I have
sometimes toyed with the idea – especially now that my granddaughter is growing
up there – of writing a book on William
Morris in Cambridge as a counterpart to my William Morris in Oxford: The Campaigning Years, 1879-1895
(Illuminati Books, 2007). What has
stopped me so far, I suppose, is a sense of disproportion in the materials
across the two universities: Cambridge did not have the deep emotional
resonance for Morris that Oxford so abundantly did, and in his later,
campaigning years he only spoke there twice as opposed to seven times amidst
the Arnoldian dreaming spires.
None the
less, there would be interesting research questions to pursue in relation to
those Cambridge visits, and some of them are actually posed to us by the
participants themselves. Here, for instance,
is H.M. Hyndman, fellow-leader in the Democratic Federation, reflecting on the
Cambridge political debate of 5 February 1884 in his The Record of an Adventurous Life (1911): ‘It is a little strange
to recall now that in 1883 or 1884, I forget which year at the moment, I
proposed an out-and-out Socialist Resolution at the Cambridge Union, of which I
am a member, and Morris and J. L. Joynes came down to support me. It was not a bad debate, and we actually took
thirty-seven men into our Lobby. What
has become of those revolutionary undergraduates of more than a quarter of a
century ago?’
Yes indeed:
where are the snows – or in this case, revolutionary undergraduates – of yesteryear? Would it be possible for the assiduous researcher
to track down the names of Morris and Hyndman’s 37 youthful supporters that day,
and then to follow through their subsequent careers to see to what extent the
rest of their lives embodied (or not) the progressive politics they had displayed
on that memorable occasion? So whether
there is or isn’t a full book’s worth to be written on ‘Morris in Cambridge’,
there are still plenty of local tasks left to carry through under that suggestive
rubric.
2 comments:
Tony, why not write up the story of those 37 radical students (as you have often recommended in this blog) in creative writing mode rather than in standard scholarly terms? Raymond Williams in ‘Politics and Letters’ talks about wanting to write a novel following through the careers of a group of six radical Oxford students of the 1950s, so how about a much more complex, much more multi-voiced version of that kind of novel following the subsequent trajectories of all 37 Cambridge youngsters who backed Morris and Hyndman that day?

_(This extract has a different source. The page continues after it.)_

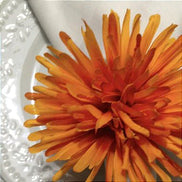 Set of 4 Orange Dandelion Flower Napkin Rings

Thanks for the intriguing suggestion, and it's true that I have rather let the creative writing emphasis of this blog lapse for a while - so you nicely revive it for me! But, turning up my copy of 'Politics and Letters', I note that Williams remarks about his idea for a novel on the Oxford group that "I then found the familar problem that if I was to pursue this project with enough people, the result would be an impossibly long novel" (p.285). If that was true with his half dozen or so characters, how would it work out with thirty-seven different figures to pursue?!